In deze meldingen komen weer andere zaken naar voren dan in Europese publicaties. Iedereen is het er wel over eens dat deze vogels, doordat ze de mensen niet kennen, niet schuw zijn. Ze hebben een duidelijke voorliefde voor tuinen met veel naaldbomen. De bes van de cederboom en zaden van de diverse bomen en  dennen vormen hun hoofdvoedsel. Een opmerkelijk feit komt zondermeer bovendrijven. Zo is in de omschrijving te lezen dat gevangen haakbekken in de zomer bij hogere temperaturen echt sloom worden en zich niet laten horen. Pas bij het aanbreken van een koudere periode komt de aangeboren levendigheid weer terug. Het is dus duidelijk dat ze altijd een winterjas dragen. Het is ook duidelijk dat de vogels trekken, niet omdat ze het koud hebben, maar omdat het voedsel onder de winterse omstandigheden niet bereikbaar is. Verder roemen de Amerikanen “deze statige vogel wiens rood zo mooi afsteekt tegen de donkergroene bomen”. Overigens is de populatie haakbekken in noord Amerika (Alaska en Noord Canada ) veel dichter dan in Noord Europa. Opmerkelijk is verder dat haakbekken, evenals veel andere vogels uit Arctische gebieden, niet schuw zijn voor mensen, waarschijnlijk omdat ze hen niet als gevaar kennen. Het hoofdvoedsel van de haakbek bestaat uit rijpe en halfrijpe zaden, diverse bessensoorten, alsook jong groen van de bomen en diverse bladknoppen. Als dierlijke kost zoeken ze spinnen, diverse insecten en hun larven en kleine slakken. 

Het leefgebied van deze vogels is in de meest noordelijke naaldbossen in halftoendra’s. In gemixte bossen zullen ze zelden te vinden zijn. De voortplanting vindt plaats van eind mei tot midden juni waarbij ze slechts een broedsel per jaar kennen. Als nestmateriaal wordt van alles gebruikt: kleine takjes, grasresten, mossen en dierharen als dat voorhanden is. De 3–4 blauw/groene eieren, met roestbruine vlekjes en puntjes, worden in 13-14 dagen uitgebroed, waarna de jongen na 14 dagen al het nest verlaten. Het popje bouwt en broedt alleen, waarna beide vogels de verzorging van de jongen op zich nemen en die zijn met 30 dagen volledig zelfstandig. De jongen hebben tot aan de jeugdrui de groengele kleur van de pop.

De haakbek is verder een sterke en vredelievende vogel die eigenlijk alleen in de broedtijd zijn luide, melodieuze zang laat horen en buiten de broedtijd slechts een zacht kwetterend  geluid produceert.  

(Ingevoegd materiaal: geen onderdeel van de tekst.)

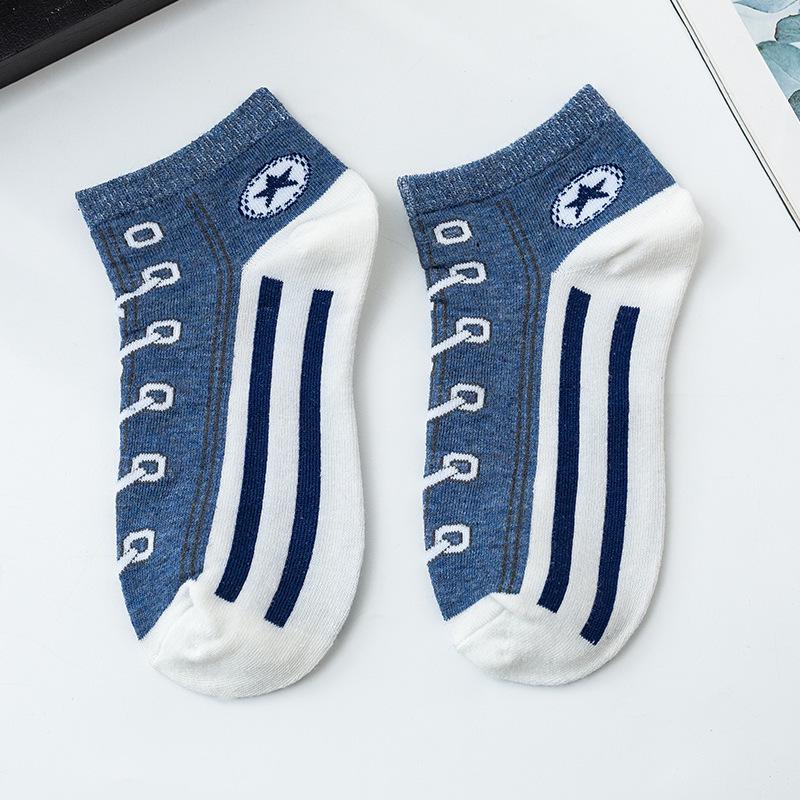 

European & American Cross-Border Canvas Fun Socks: Casual, Low-Cut, Sporty Style for Couples Men s Canvas Low Socks синій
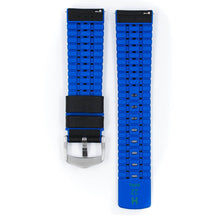 Load image into Gallery viewer, Hirsch Robby L black and blue calf leather watch strap 24 mm 0918094050-4-24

In gevangenschap levert de haakbek in de volière geen enkel probleem op voor zijn medebewoners. Hij is rustig en vertrouwelijk en wordt bij goede benadering zelfs snel handtam. Hoewel in de eerste kweekbeschrijving (die al uit 1907 stamt!) gewag gemaakt wordt van een kooi van 2 x 2 x 1 mtr. (hoogte, lengte, breedte), is het toch beter een vogel van dit formaat ruimer te huisvesten in een vrije vlucht volière, die rijkelijk beplant is met dennen en coniferen. Een afgeschermde volière waar de volle zomerhitte blijft hangen, moet absoluut vermeden worden en frisse lucht moet vrij spel hebben. Een vrije en open vlucht met een kleine schuilmogelijkheid stellen ze wel op prijs. Tenslotte  moet er zomer en winter vers badwater beschikbaar zijn.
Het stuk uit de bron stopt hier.